FIRENZE, 09 SETTEMBRE – E’ il venerdì più importante per chi sogna di svolgere la professione sanitaria: migliaia di candidati, su tutto il territorio italiano, hanno partecipato ai test per accedere ai vari corsi di questa classe di laurea, quest’anno fortemente gettonata.

A Firenze, già  nella giornata di ieri si era visto il “tutto esaurito” con la partecipazione di circa 3219 candidati per 1009 posti complessivi. Oggi è toccato ai 1359 candidati, per 1065 posti disponibili, che hanno partecipato alle prove selettive per i corsi di laurea in Scienze farmaceutiche applicate, in Scienze biologiche e in Biotecnologie, e per i corsi di laurea a ciclo unico in Chimica e tecnologia farmaceutiche e in Farmacia.

All’Università  de L’Aquila si sono presentati in 2.170 per poco più di 600 posti per le lauree delle professioni sanitarie.
A Novara si sono presentati in 1561, a Varese, presso l’Università  dell’Insubria, hanno affrontato la prova questa mattina, 1040 candidati per circa 350 posti.
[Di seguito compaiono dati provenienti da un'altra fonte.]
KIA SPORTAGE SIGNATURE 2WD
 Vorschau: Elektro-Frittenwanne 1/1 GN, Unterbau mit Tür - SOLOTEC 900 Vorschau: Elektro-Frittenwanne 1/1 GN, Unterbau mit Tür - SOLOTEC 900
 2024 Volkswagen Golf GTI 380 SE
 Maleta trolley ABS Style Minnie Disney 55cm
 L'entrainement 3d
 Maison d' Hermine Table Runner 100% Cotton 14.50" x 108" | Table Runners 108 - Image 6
E, infine, a Bari 6.000 candidati per poco più di 800 posti. La prova di ammissione identica su tutto il territorio nazionale, è stata predisposta dal Ministero dell’Istruzione, dell’Università e della Ricerca e consisteva nella soluzione di 80 quesiti a risposta multipla su argomenti di: Cultura generale e ragionamento logico (40 quesiti); Biologia (18 quesiti); Chimica (11 quesiti); Fisica e Matematica (11 quesiti).
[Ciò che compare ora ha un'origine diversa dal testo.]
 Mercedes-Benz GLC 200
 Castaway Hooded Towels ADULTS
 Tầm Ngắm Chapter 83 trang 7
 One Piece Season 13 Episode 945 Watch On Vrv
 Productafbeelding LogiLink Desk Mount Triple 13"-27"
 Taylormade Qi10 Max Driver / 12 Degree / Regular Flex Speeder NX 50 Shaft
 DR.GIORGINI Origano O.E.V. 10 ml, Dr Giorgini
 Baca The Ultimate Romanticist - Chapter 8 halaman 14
Tanti candidati rispetto ai pochi posti messi a concorso. Ma come mai tutta quest’affluenza ai corsi delle professioni sanitarie?
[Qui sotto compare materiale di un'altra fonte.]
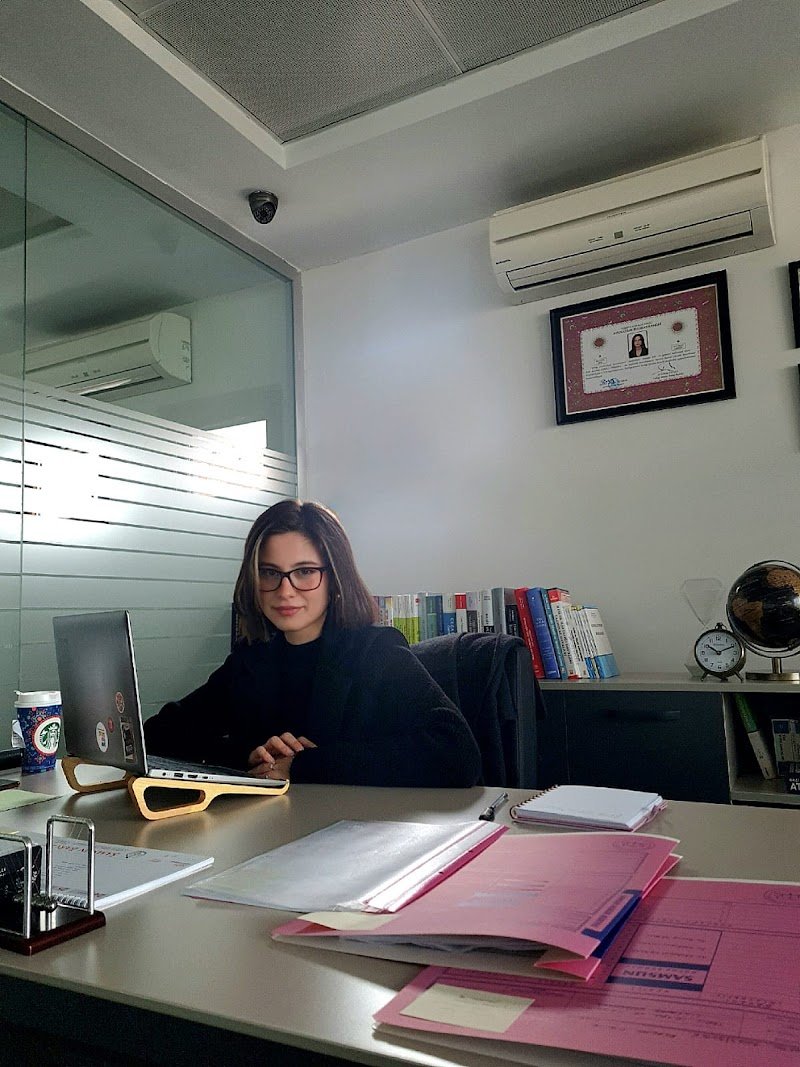 Avukat Cansu Civelek - Samsun Boşanma Avukatı- Samsun Ağır Ceza Avukatı -Samsun Ceza Avukatı- Samsun Miras Avukatı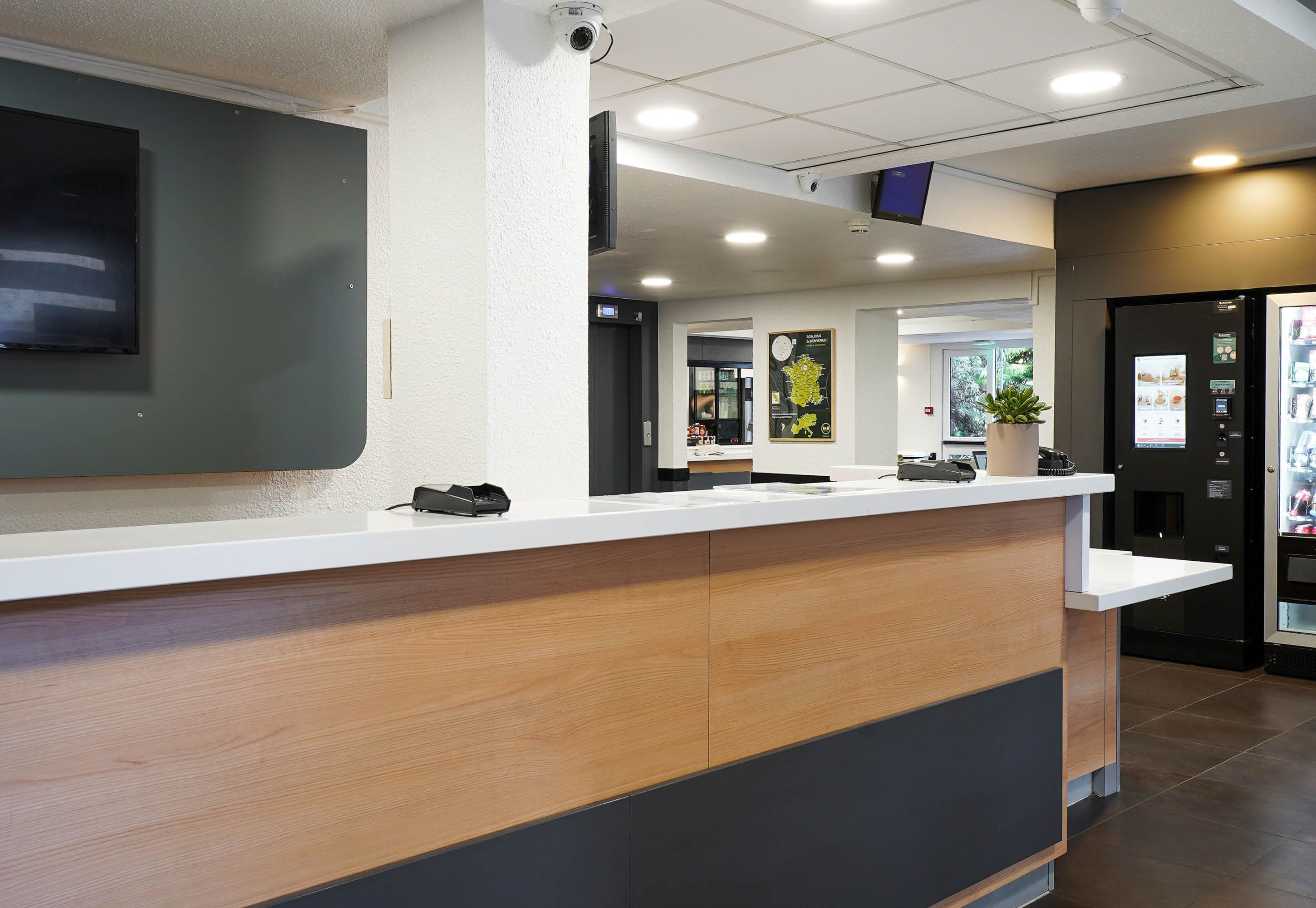 Foto - B&B HOTEL Marseille Parc Chanot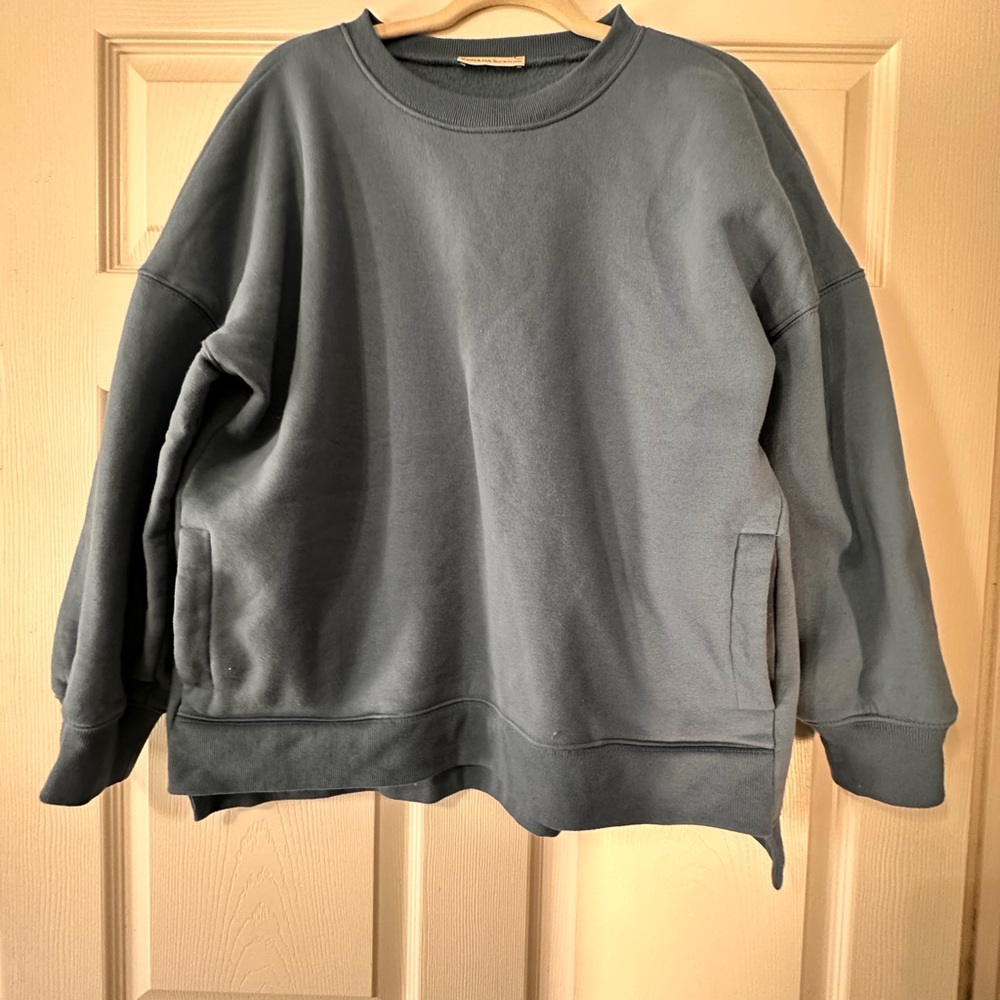 Zenana Outfitters Crewneck Sweatshirt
“E’ l’unico corso che garantisce una sistemazione sicura”, afferma Chiara, 19 anni, aspirante candidato per l’Università di Bari, al termine della prova. E la spiegazione è racchiusa proprio in questa frase di questa giovane e futura studentessa: a un anno dalla conclusione degli studi, il 98.9% dei laureati in Infermieristica ha un’occupazione; nel caso di Fisioterapia, la percentuale sale, addirittura, al 100%.

Il massimo dell’aspirazione per chi intraprende un percorso universitario nel nostro Paese. Ad aggiungere carne sul fuoco è anche il caso del Policlinico di Bari, dove ad un bando di mobilità per cento unità di infermieri, hanno risposto soltanto in venti, dimostrando che tale professione è molto ricercata. Ed ecco allora la corsa verso il “posto sicuro”, perché l’università non è una passeggiata, come molti pensano, è un percorso lungo, fatto di sacrifici e, molto spesso, di rinunce, che tutti i giovani, però, dovrebbero avere il diritto di fare, o almeno di provare a fare.